### DATA UNDER STUDY
>>>>
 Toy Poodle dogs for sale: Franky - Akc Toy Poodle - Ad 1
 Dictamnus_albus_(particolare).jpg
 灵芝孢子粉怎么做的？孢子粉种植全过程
<<<<
>>>>
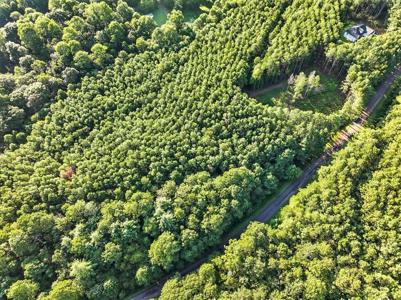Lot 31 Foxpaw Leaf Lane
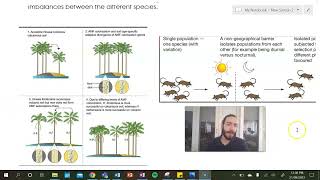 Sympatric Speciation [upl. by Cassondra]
<<<<
### REQUIRED WORK
From the entries above, write out only the lines starting at the line that holds "Toy Poodle dogs" and ending at the line that holds "灵芝孢子粉怎么做的？孢子粉种植全过程", keeping both and matching them exactly.

### COMPLETED EXERCISE
 Toy Poodle dogs for sale: Franky - Akc Toy Poodle - Ad 1
 Dictamnus_albus_(particolare).jpg
 灵芝孢子粉怎么做的？孢子粉种植全过程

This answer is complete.